To test whether this replication process works, you can run the following query on the TANYA server:

Use NORTHWIND
update customers set contactname = "maria anderson" where customer_id = 'alfki'

This query modifies the top row of the Customers table. From Enterprise Manager, you can then look at TANYA's Log Reader Agents folder to see that 1 transaction(s) with 1 command(s) were delivered. The Status is Running. If you check the top row of REBA's Test database, you'll see that the replication process has set ContactName to maria anderson.

To investigate the cleanup jobs that the replication wizards created on TANYA, open the Miscellaneous Agents folder. Cleanup jobs remove the replicated transactions from the appropriate tables in the distribution database.

How does SQL Server implement this replication process? First, SQL Server generates table schema (.sch) files, which the database system uses to create tables. SQL Server also generates table index creation (.idx) files, which it uses to create indexes on Subscribers, and bcp files for all replicated tables. The database system then generates stored procedures for each insert, update, and delete action on the Publisher. SQL Server applies schema files on each Subscriber and applies index files to appropriate tables on each Subscriber. SQL Server then uses bcp to copy data into the Subscriber tables. Finally, SQL Server creates stored procedures for insert, update, and delete actions only on immediate-updating subscriptions.

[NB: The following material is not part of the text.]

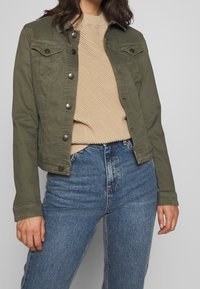 Oliven grøn denimjakke med trykknapper, to brystlommer og et cropped design, parret med en beige tekstureret trøje og blå højalpine jeans.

If SQL Server automatically generates these replication tasks, why should you be interested in the behind-the-scenes details? Even though SQL Server 7.0 dramatically improves and simplifies replication setup and implementation, problems still crop up. The causes might have nothing to do with SQL Server. Perhaps an inexperienced DBA didn't answer a wizard question appropriately or didn't use the right security settings. Whatever the cause, when you're trying to troubleshoot replication problems, every piece of information you can bring to the investigation is valuable.

Without a doubt, replication is an advanced feature, but it offers exciting capabilities—especially if your organization needs to keep data on different servers in synch. SQL Server 7.0's new functionality makes replication even more powerful and flexible, and its wizards make setting up replication a simple matter of answering questions—just make sure you give the right answers.